Return the maximum profit you can achieve.

Note: A transaction is defined as buying and holding the stock and then selling it, during which the transaction fee is applied once.

Example 1:

• Input: prices = [1, 3, 2, 8, 4, 9], fee = 2
• Output: 8

Explanation: The maximum profit can be achieved by:

• Buy on day 0: prices[0] = 1
• Sell on day 3: prices[3] = 8
• Buy on day 4: prices[4] = 4
• Sell on day 5: prices[5] = 9
• Total profit: ((8 - 1) - 2) + ((9 - 4) - 2) = 8.

Constraints:

• 0 < prices.length <= 50000
• 0 < prices[i] < 50000
• 0 <= fee < 50000

Approach

The optimal way to solve this problem is using dynamic programming, which will be further discussed in future dynamic programming lessons.

Compared to 0122.Best Time to Buy and Sell Stock II (opens new window), this problem introduces a transaction fee.

Greedy Algorithm

In 0122.Best Time to Buy and Sell Stock II (opens new window), we used a greedy strategy to ensure that we collected the positive profit each day, which would eventually lead to the maximum profit.

However, with transaction fees, we need to care about when to buy and sell, as transaction fees might negate any small profits.

Using the greedy approach, the idea is to buy at a low point and sell at a high point only if the profit after fees is still positive.

• Buying date: We record whenever we find a lower price.
• Selling date: It is not necessary to calculate the exact selling date. If the current price is higher than (lowest price + fee), we can collect the profit. The exact selling date is essentially the last day within a profitable range (we don’t need to compute the exact day).

While collecting profit, there are three scenarios:

• Scenario 1: On the day of computing the profit, it might not be the last day of the profitable range (not really selling the stock, as if still holding it), thus further profit can be accumulated.
• Scenario 2: The previous day was the last day in the profitable range (actually sold the stock), and today we need to reset the minimum price.
• Scenario 3: No actions taken, maintaining the existing state (buy, sell, or idle).

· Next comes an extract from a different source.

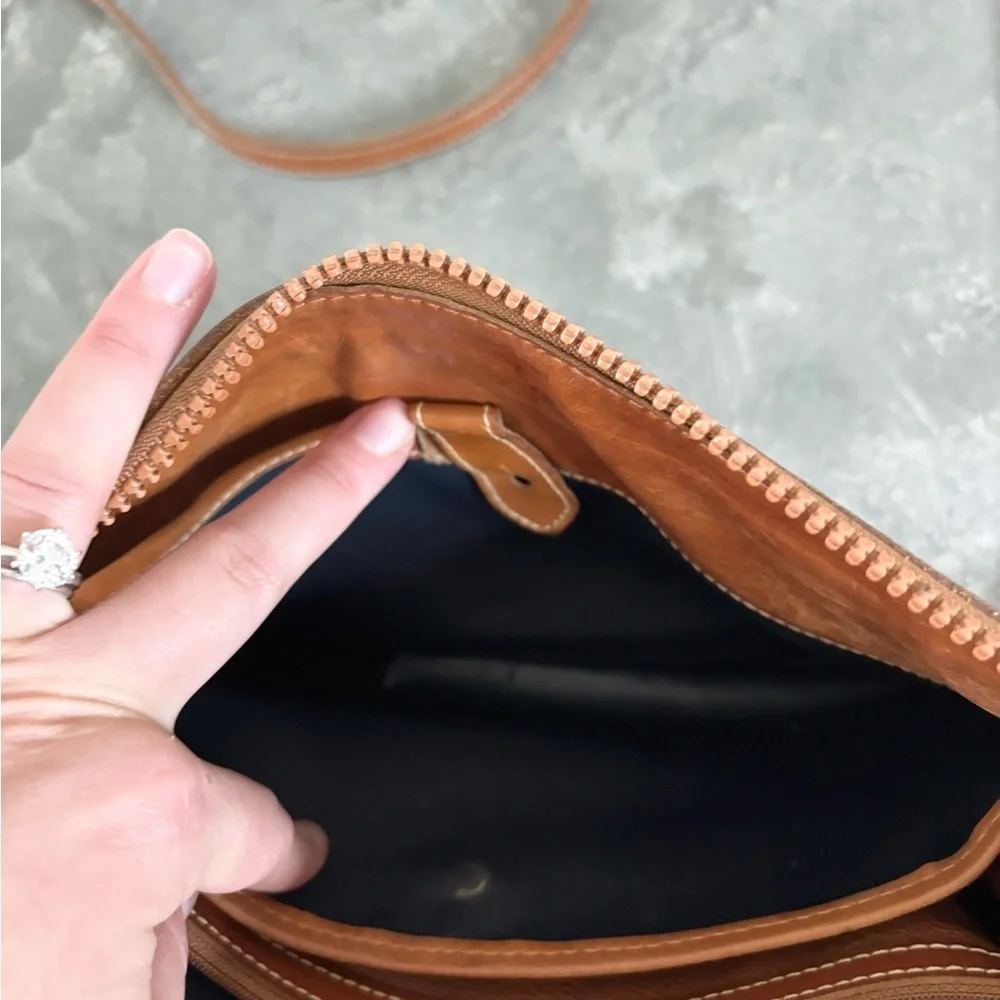 Dooney Bourke Leather Black Brown Shoulder Handbag Bag Purse vintage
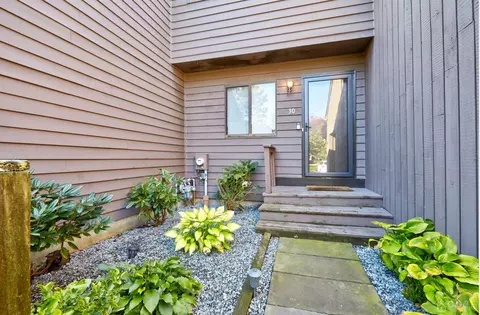 30 Matthew Dr, Ewing, NJ 08628 photo 2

The C++ code for the greedy algorithm is as follows:

class Solution {
public:
    int maxProfit(vector<int>& prices, int fee) {
        int result = 0;
        int minPrice = prices[0]; // Record the lowest price
        for (int i = 1; i < prices.size(); i++) {
            // Scenario 2: which is like buying
            if (prices[i] < minPrice) minPrice = prices[i];

            // Scenario 3: maintaining the existing state (as buying is not cheap, selling results in a loss)
            if (prices[i] >= minPrice && prices[i] <= minPrice + fee) {
                continue;
            }

            // Compute the profit, maybe multiple times, but the last time is the actual selling
            if (prices[i] > minPrice + fee) {
                result += prices[i] - minPrice - fee;
                minPrice = prices[i] - fee; // Scenario 1, this is crucial to avoid double counting of fees
            }
        }
        return result;
    }
};

• Time complexity: O(n)
• Space complexity: O(1)

From the code, you can notice the action for Scenario 1: if you are still in the profitable range, it doesn't mean an actual sale, as profit calculations deduct fees each time. Therefore, set minPrice = prices[i] - fee; to avoid double counting the fee on future profit calculations.

You might notice that the code for Scenario 3 can be omitted for clarity. It was kept for expressiveness.

Dynamic Programming

In the "Code with Carl" public account, we will thoroughly discuss dynamic programming in an upcoming series. Here's my commented C++ code for the solution using dynamic programming. Interested readers can explore it further.

This dynamic programming approach is almost identical to the one in 0122.Best Time to Buy and Sell Stock II (opens new window), except we need to deduct the fee upon selling.

C++ code:

class Solution {
public:
    int maxProfit(vector<int>& prices, int fee) {
        // dp[i][1]: the maximum cash held in hand on day i.
        // dp[i][0]: the maximum cash left after holding stock on day i.
        int n = prices.size();
        vector<vector<int>> dp(n, vector<int>(2, 0));
        dp[0][0] -= prices[0]; // Holding stock
        for (int i = 1; i < n; i++) {
            dp[i][0] = max(dp[i - 1][0], dp[i - 1][1] - prices[i]);
            dp[i][1] = max(dp[i - 1][1], dp[i - 1][0] + prices[i] - fee);
        }
        return max(dp[n - 1][0], dp[n - 1][1]);
    }
};

• Time complexity: O(n)
• Space complexity: O(n)

The space can be optimized because the current state only depends on the previous state.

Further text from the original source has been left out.